● **The task**
When the line containing "Джойстик Dual Shock SP3" is found in the data below, give it again along with every later line, exactly; drop the pictures.

● **Data to examine**
==================================================

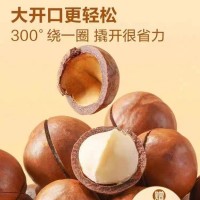 代發(fā)夏威夷果薄皮奶油味堅(jiān)果零食250g大顆手剝開(kāi)口奶香年貨夏威夷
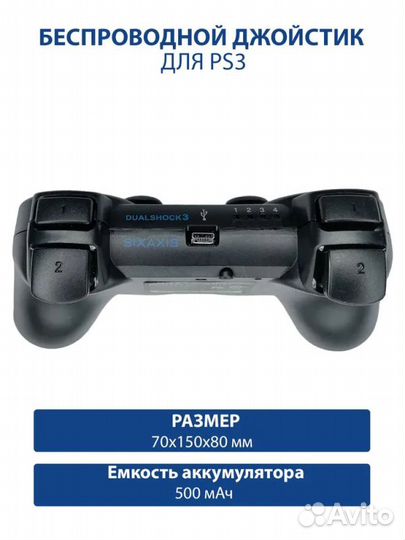 Джойстик Dual Shock SP3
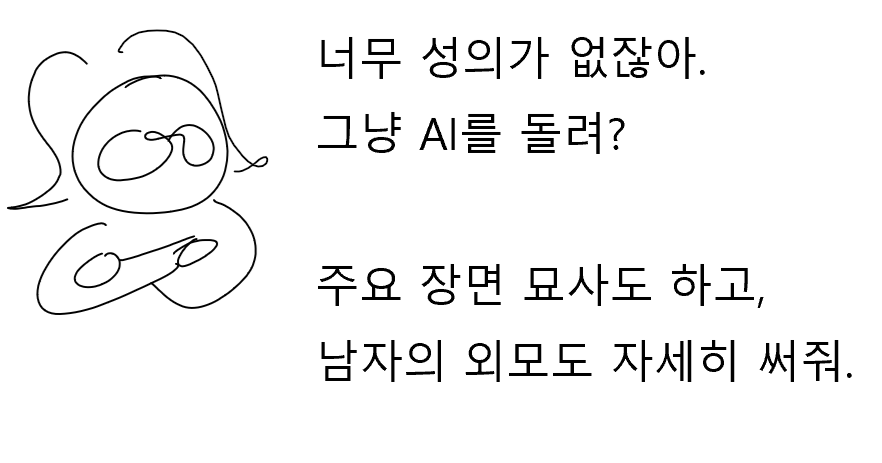 스크린샷 2025-08-21 132126.png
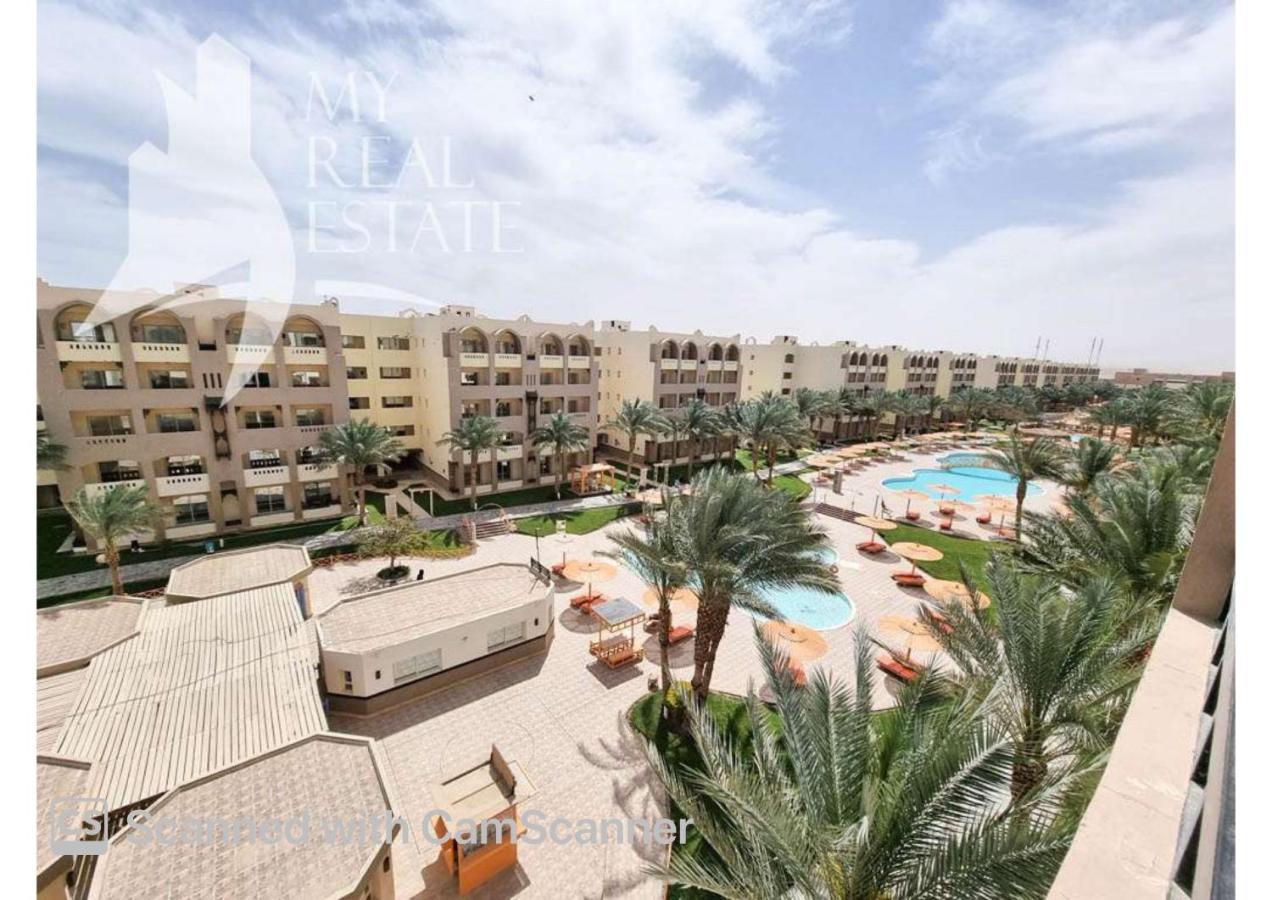 Nubia Aqua Beach Hurghada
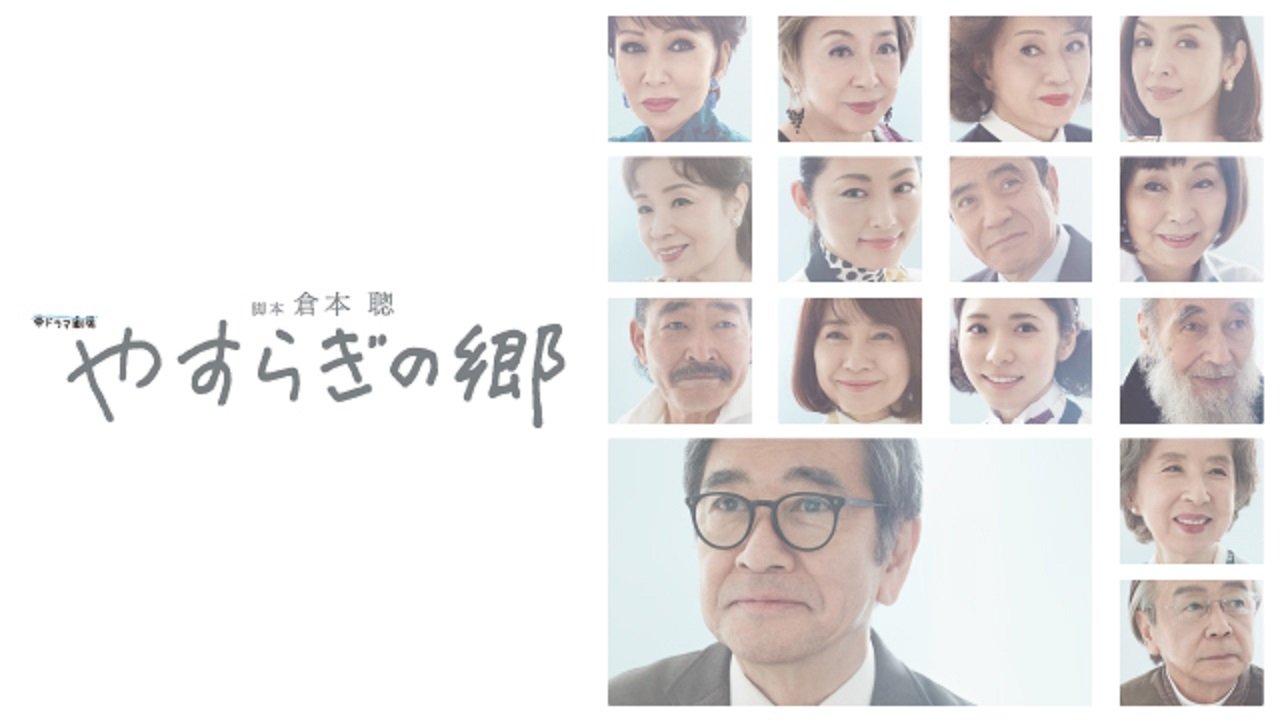 Yasuragi no Sato Background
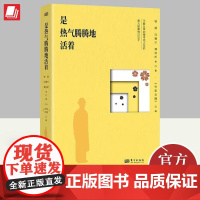 是热气腾腾地活着 铁凝 冯骥才 濮存昕 不要从早到晚寻找人生的意义贴着地过日子 作家文摘精选散文文学小说书籍 东方出版社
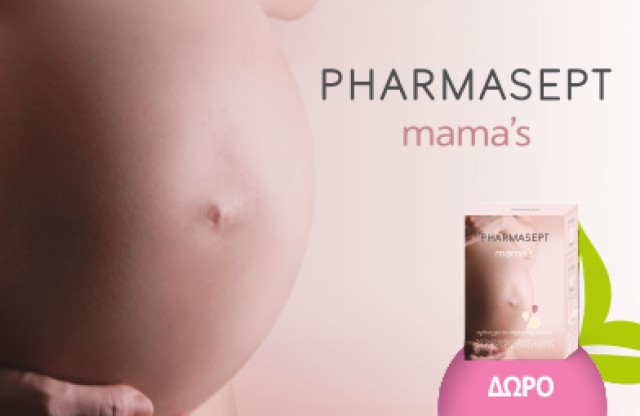 Με κάθε αγορά προϊόντος από τη σειρά Pharmasept Mamas, ΔΩΡΟ ένα mamas kit με τα προϊόντα της σειρά σε ειδικό μέγεθος.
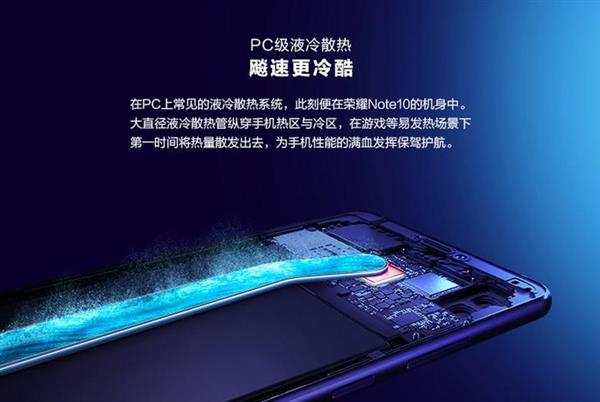 ��ҫNote 10���飺��Ϸ��֡���� ɢ�ȸ���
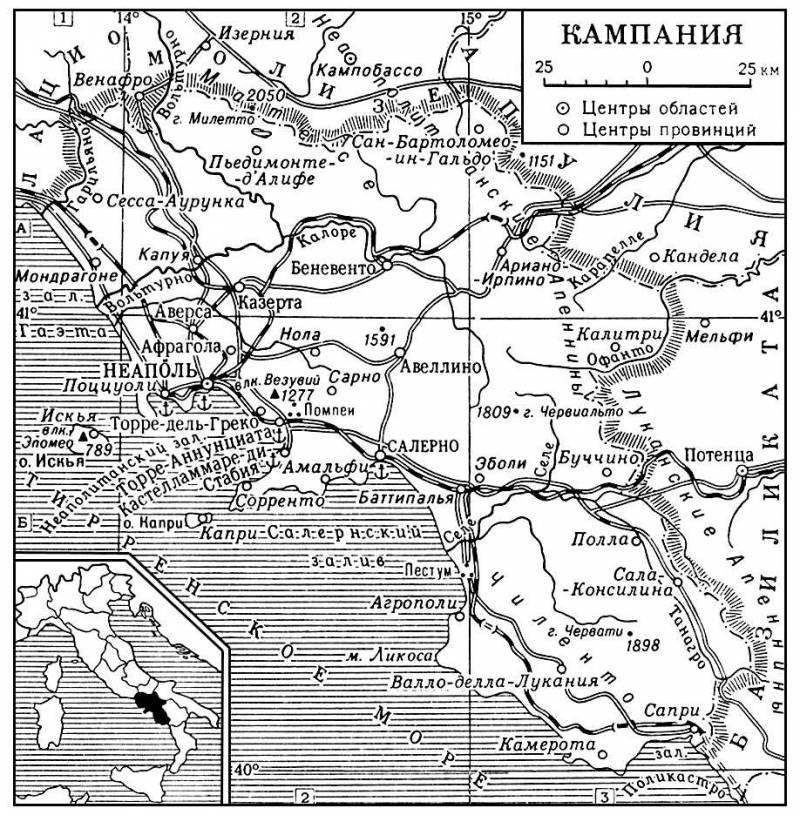 Большая Советская Энциклопедия (КА) i008-pictures-001-295997505.jpg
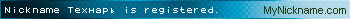 Nickname Технарь is registered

==================================================

● **Task response**
 Джойстик Dual Shock SP3
 스크린샷 2025-08-21 132126.png
 Nubia Aqua Beach Hurghada
 Yasuragi no Sato Background
 是热气腾腾地活着 铁凝 冯骥才 濮存昕 不要从早到晚寻找人生的意义贴着地过日子 作家文摘精选散文文学小说书籍 东方出版社
 Με κάθε αγορά προϊόντος από τη σειρά Pharmasept Mamas, ΔΩΡΟ ένα mamas kit με τα προϊόντα της σειρά σε ειδικό μέγεθος.
 ��ҫNote 10���飺��Ϸ��֡���� ɢ�ȸ���
 Большая Советская Энциклопедия (КА) i008-pictures-001-295997505.jpg
 Nickname Технарь is registered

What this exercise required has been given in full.